Mirka


Mirka is a Palestinian village in the West Bank, located 12 km Southwest of the city of Jenin in the northern West Bank. According to the Palestinian Central Bureau of Statistics, the town had a population of 1,555 inhabitants in mid-year 2006.

History

Just southeast of the village is a site where sherds mainly from the Persian era have been found.
Pottery sherds from the early and late Roman, Byzantine, early Muslim and Medieval eras have been found at the village site.

Ottoman era

Mirka, like all of Palestine, was incorporated into the Ottoman Empire in 1517. In the 1596 tax registers, it was part of the nahiya of Jabal Sami, part of the larger Sanjak of Nablus. It had a population of 9 households, all Muslims. The inhabitants paid a fixed tax rate of 33,3% on agricultural products, including wheat, barley, summer crops, olive trees, goats and beehives, a press for olive oil or grape syrup, in addition to occasional revenues and a fixed tax for people of Nablus area; a total of 3,780 akçe.
In the 1882 PEF's Survey of Western Palestine, Merkeh is described as: "a hamlet on the side of a bare hill."

British Mandate era

In the 1922 census of Palestine conducted by the British Mandate authorities, Merka had a population 142 Muslims, increasing in the 1931 census to 167 Muslim, in a total of 32 houses.
In the 1945 statistics, the population was 230 Muslims, with a total of 4,396 dunams of land, according to an official land and population survey.

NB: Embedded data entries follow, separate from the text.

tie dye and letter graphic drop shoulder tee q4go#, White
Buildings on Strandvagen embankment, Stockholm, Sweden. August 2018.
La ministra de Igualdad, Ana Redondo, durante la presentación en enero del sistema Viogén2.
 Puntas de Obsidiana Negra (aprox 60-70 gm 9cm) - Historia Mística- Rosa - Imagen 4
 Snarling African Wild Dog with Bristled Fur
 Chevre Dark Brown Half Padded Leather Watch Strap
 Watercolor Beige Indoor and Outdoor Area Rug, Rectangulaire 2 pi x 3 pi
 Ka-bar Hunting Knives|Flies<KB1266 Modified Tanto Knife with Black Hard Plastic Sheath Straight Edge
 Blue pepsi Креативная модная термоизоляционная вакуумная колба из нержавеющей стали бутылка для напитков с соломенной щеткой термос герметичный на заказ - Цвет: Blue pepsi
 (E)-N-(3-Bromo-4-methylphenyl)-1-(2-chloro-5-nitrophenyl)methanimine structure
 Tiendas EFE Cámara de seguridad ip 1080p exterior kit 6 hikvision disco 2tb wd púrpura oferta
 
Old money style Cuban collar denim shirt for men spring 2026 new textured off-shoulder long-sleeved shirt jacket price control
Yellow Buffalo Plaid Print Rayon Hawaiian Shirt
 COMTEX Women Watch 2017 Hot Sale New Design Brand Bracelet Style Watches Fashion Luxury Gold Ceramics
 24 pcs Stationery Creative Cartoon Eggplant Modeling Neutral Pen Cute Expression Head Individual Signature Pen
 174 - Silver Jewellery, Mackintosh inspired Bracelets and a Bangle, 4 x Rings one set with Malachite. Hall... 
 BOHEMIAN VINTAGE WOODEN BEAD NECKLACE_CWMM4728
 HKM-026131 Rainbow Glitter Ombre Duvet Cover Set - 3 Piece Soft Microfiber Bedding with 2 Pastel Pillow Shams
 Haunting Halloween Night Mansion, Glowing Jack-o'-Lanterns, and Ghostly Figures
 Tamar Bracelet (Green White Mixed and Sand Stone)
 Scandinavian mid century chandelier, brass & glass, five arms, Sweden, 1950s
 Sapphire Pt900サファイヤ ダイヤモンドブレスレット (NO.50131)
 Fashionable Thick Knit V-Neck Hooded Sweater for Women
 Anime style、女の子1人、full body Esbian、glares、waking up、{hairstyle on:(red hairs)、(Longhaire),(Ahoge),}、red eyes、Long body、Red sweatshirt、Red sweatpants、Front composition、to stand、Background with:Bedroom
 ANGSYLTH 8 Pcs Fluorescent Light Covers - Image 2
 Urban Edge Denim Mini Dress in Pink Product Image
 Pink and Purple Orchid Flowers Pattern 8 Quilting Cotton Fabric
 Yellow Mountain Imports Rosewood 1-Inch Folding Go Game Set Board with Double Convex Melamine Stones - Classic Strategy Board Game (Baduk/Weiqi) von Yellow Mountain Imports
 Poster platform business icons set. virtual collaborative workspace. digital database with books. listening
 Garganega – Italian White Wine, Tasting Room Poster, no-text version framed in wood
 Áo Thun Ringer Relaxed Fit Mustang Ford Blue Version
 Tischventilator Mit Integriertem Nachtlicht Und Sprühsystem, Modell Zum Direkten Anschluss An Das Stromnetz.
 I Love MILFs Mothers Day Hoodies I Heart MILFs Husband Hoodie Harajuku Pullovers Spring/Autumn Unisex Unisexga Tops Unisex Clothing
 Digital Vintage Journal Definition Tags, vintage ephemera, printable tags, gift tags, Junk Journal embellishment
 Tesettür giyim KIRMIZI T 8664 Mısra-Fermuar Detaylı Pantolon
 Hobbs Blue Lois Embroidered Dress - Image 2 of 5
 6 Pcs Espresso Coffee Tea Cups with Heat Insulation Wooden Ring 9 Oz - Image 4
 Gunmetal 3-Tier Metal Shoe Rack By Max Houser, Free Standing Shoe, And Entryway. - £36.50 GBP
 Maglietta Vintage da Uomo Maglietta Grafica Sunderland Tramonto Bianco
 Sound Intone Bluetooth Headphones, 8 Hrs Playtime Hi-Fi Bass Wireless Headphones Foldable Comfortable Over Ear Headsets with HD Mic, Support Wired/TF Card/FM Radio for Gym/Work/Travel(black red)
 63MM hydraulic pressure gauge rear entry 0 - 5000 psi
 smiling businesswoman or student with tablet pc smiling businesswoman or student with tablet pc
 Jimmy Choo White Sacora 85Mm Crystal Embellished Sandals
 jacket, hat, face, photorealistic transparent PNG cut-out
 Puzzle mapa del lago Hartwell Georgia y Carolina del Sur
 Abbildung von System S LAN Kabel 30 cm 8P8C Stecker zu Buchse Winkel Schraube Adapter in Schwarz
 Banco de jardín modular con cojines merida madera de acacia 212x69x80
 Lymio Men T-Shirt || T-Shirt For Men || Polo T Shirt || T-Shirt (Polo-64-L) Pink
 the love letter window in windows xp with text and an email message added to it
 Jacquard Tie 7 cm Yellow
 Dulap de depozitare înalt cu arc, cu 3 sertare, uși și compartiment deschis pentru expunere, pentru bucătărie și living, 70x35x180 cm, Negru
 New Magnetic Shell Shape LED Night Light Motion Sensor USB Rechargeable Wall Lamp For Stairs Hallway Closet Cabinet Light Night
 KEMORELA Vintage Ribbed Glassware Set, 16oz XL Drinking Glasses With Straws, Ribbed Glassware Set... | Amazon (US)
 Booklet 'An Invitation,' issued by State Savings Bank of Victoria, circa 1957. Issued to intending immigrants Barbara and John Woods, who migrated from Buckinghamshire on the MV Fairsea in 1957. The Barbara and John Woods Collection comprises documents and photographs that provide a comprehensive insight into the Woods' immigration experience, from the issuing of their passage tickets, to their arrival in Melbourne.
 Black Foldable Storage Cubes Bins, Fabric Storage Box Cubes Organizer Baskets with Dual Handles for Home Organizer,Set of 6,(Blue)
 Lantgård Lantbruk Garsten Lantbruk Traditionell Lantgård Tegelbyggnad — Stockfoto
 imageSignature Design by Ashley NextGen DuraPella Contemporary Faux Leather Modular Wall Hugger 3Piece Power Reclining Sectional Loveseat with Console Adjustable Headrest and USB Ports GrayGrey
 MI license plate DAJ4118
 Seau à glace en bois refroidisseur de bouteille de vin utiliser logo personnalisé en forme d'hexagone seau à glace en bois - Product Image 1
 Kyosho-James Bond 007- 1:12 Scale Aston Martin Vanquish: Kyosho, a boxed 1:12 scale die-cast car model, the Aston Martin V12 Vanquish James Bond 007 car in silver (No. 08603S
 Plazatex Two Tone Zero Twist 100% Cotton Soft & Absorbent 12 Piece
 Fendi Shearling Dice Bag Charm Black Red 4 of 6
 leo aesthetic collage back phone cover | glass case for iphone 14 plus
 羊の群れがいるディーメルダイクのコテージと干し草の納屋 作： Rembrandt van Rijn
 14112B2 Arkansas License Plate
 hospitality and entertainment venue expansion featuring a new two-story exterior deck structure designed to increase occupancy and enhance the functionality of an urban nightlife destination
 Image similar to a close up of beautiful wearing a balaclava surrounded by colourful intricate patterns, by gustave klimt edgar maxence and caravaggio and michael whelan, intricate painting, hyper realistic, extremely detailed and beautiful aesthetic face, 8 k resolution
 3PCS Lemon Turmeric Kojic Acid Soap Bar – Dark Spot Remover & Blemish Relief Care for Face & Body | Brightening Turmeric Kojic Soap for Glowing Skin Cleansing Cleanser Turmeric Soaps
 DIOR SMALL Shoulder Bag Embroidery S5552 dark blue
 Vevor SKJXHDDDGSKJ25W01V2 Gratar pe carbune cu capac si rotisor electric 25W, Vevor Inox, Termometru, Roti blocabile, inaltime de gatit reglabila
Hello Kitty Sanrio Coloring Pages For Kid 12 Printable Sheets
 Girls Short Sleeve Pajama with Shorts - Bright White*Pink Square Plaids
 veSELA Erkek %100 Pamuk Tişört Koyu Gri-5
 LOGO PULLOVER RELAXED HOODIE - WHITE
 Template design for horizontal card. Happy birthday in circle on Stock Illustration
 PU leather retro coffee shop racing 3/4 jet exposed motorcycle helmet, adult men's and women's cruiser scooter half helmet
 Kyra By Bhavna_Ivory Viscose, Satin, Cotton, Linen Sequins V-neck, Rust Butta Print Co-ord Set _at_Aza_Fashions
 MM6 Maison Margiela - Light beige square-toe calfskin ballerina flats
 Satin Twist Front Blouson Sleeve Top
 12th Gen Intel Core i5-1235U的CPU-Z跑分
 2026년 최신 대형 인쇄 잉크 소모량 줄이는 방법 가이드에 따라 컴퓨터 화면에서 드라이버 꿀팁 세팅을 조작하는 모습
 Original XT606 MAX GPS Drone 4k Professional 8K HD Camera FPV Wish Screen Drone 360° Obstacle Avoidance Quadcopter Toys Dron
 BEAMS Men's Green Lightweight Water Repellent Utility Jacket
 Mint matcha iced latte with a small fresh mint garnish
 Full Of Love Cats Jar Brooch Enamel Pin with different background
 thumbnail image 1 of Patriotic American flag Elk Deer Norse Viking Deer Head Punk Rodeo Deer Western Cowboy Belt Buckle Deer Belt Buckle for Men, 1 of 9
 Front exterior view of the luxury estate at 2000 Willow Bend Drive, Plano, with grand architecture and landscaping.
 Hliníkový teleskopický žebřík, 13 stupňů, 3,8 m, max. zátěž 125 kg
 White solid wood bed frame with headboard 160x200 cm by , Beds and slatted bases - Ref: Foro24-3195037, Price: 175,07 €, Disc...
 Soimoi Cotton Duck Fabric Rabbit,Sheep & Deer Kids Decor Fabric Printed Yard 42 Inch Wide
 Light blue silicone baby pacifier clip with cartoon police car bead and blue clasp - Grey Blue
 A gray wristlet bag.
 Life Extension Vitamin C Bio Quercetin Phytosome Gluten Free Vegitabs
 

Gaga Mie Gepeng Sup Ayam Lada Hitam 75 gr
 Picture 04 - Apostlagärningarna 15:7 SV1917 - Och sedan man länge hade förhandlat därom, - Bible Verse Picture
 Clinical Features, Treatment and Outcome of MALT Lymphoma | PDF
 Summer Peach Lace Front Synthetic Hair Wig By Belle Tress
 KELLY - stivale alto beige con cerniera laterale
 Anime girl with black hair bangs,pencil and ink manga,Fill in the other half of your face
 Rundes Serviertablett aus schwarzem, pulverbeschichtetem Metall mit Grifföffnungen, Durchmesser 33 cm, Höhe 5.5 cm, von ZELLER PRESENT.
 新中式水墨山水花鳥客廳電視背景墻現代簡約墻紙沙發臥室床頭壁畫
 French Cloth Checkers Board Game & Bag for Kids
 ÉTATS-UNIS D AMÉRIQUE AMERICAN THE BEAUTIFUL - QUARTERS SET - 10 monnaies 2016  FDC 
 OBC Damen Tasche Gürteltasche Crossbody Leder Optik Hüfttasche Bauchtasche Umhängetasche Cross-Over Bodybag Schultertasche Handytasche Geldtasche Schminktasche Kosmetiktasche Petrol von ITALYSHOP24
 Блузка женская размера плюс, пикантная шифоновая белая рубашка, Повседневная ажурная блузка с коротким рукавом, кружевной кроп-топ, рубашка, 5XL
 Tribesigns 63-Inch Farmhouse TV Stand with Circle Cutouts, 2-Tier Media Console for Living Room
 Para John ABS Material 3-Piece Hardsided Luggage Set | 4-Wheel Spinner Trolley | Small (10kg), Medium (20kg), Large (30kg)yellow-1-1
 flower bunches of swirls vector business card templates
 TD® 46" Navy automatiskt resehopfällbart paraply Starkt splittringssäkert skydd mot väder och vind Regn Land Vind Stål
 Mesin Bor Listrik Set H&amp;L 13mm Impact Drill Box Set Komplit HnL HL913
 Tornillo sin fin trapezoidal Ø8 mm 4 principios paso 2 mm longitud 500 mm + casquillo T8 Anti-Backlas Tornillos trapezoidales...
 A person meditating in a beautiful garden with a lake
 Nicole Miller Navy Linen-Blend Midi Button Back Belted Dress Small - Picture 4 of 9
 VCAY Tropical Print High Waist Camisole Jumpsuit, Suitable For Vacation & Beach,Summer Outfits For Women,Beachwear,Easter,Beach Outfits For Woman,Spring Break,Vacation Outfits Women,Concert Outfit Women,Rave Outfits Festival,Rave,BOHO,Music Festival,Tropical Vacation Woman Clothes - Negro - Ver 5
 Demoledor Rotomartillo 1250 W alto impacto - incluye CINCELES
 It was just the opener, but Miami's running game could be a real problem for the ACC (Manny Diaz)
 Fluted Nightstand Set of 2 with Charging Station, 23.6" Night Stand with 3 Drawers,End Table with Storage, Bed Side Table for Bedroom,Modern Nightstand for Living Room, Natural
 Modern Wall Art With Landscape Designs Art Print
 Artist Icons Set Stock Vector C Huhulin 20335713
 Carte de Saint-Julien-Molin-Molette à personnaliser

Of this, 546 dunams were used for plantations and irrigable land, 1,300 dunams were for cereals, while a total of 26 dunams were built-up, urban land.

Jordanian era

In the wake of the 1948 Arab–Israeli War, and after the 1949 Armistice Agreements, Mirka came under Jordanian rule.
In 1961, the population was 303.

Post-1967

Since the Six-Day War in 1967, Mirka has been under Israeli occupation, and according to the Israeli census of that year, the population of Mirka stood at 142, of whom 59 were registered as having come from Israel.